3. The complaint further charged that the practice of the other New York Harbor lines in agreeing to the maintenance of non-compensatory harbor allowances was an unjust and unreasonable practice in violation of Section 1(6) of the Act.
4. The evidence in the matter was heard by two examiners on behalf of the Commission and was concluded in September 1946. The case was submitted to the Commission April 21, 1948 and the Report of the Commission was filed October 11, 1948.
5. In that Report the Commission found that the New York Harbor allowances to the Jersey Central out of the joint rates '* * * for the future will be unjust, unreasonable, and inequitable.' The allowances for car floatage were increased to six cents per hundred pounds and for lighterage were increased on a sliding scale from six to eleven cents per hundred pounds. These allowances were to be increased proportionately with certain subsequent rate increases.
6. The increases were made applicable to all New York Harbor lines.
7. The Jersey Central allowances for car floatage and lighterage were not to be adjusted retroactively.
8. An appropriate order was entered by the Commission on the same date that its Report was filed, namely, October 11, 1948.
9. On December 10, 1948 a petition for reargument and reconsideration was filed by certain non-harbor lines and the New York Central Railroad Company. Plaintiff filed a motion to dismiss that petition.
10. The reargument was allowed and the case reargued on April 25, 1949.
11. Following reargument and reconsideration, the Commission, on December 29, 1949, filed a second report in the case.
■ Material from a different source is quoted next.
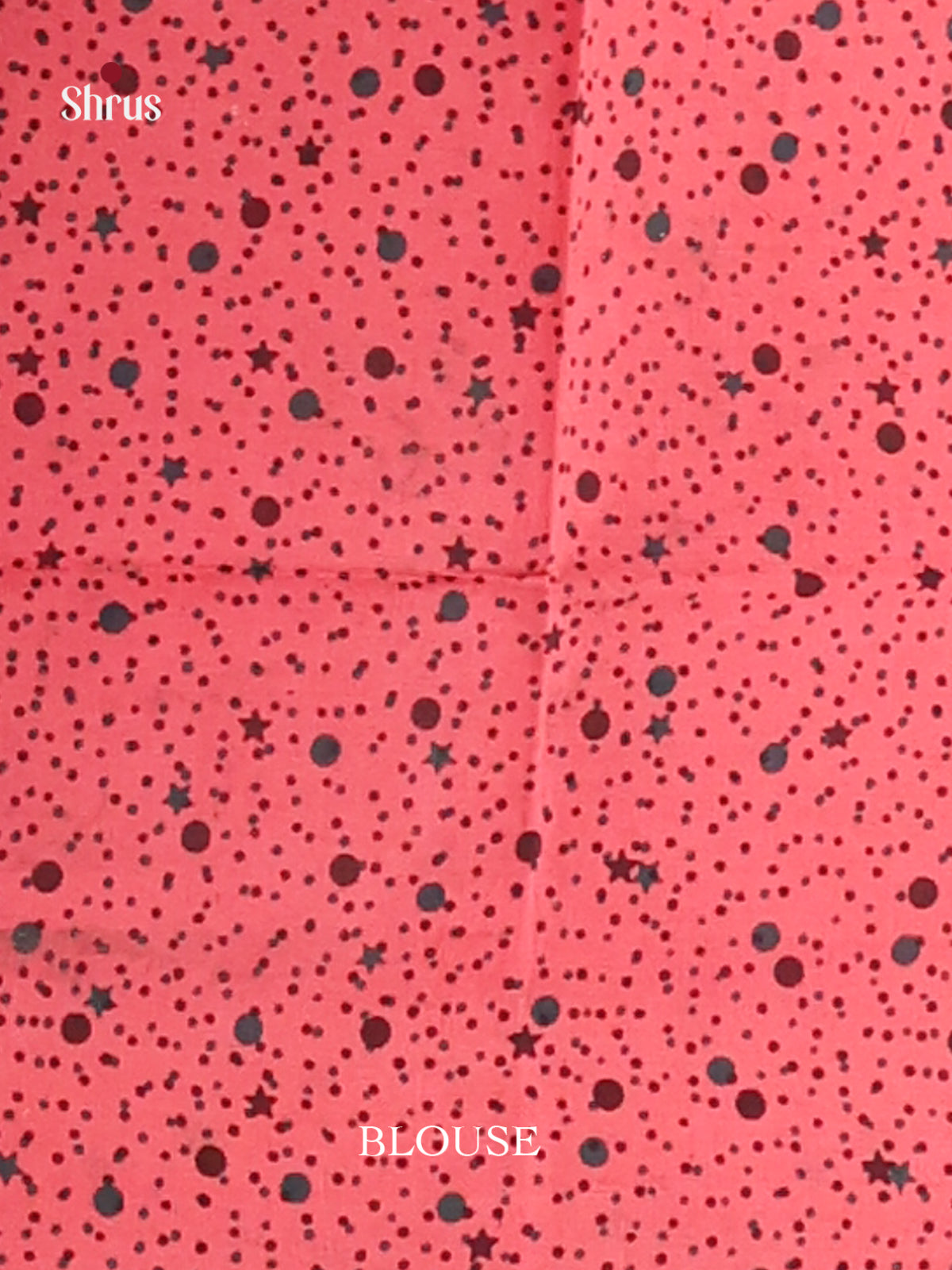 Yellow & Pink - Sungudi Cotton Saree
That report reversed the conclusions of the prior report and held that 'Upon the record, we conclude that the allowances assailed have not been shown to have been or to be unjust, unreasonable, inequitable, or unduly prejudicial as alleged, and that the allegation of unlawfulness under section 1(6) of the act has not been sustained.' On the same date, namely, December 29, 1949, the Commission entered an order setting aside its order of October 11, 1948 and dismissing the complaint in this cause.
12. Plaintiff then filed a petition requesting that the order of dismissal be set aside and that the case be again reopened for further consideration.
13. Said petition was denied by the Commission's order on May 18, 1950.
14. Plaintiff on January 29, 1951 filed its petition in this Court seeking to have set aside (1) the Commission's order of December 29, 1949 which, as stated, had reversed the Commission's first order in this case and (2) the Commission's order of May 18, 1950 which had denied plaintiff's petition that the case be reopened and reconsidered.
15. The United States of America and the Interstate Commerce Commission filed answers on April 4, 1951. The intervening railroad defendants filed an answer on April 5, 1951.
16. The matter was argued orally to this Court, convened pursuant to statute, on June 8, 1951 and briefs have been submitted.
Conclusions of Law.
1. The Court has jurisdiction of the parties and of the subject matter of this suit.
2. The Commission's orders of December 29, 1949 and May 18, 1950 were within the statutory authority of the Commission.
3. The findings of the Commission contained in its Report of December 29, 1949 are supported by substantial evidence on the record considered as a whole and are clearly sufficient to sustain its order of that date.
4. The order of the Commission of May 18, 1950 denying plaintiff's petition for reopening the case and reconsideration thereof was entirely proper and in accordance with the authority vested in the Commission by the Interstate Commerce Act.
5. The orders of the Commission of December 29, 1949 and May 18, 1950 should be affirmed.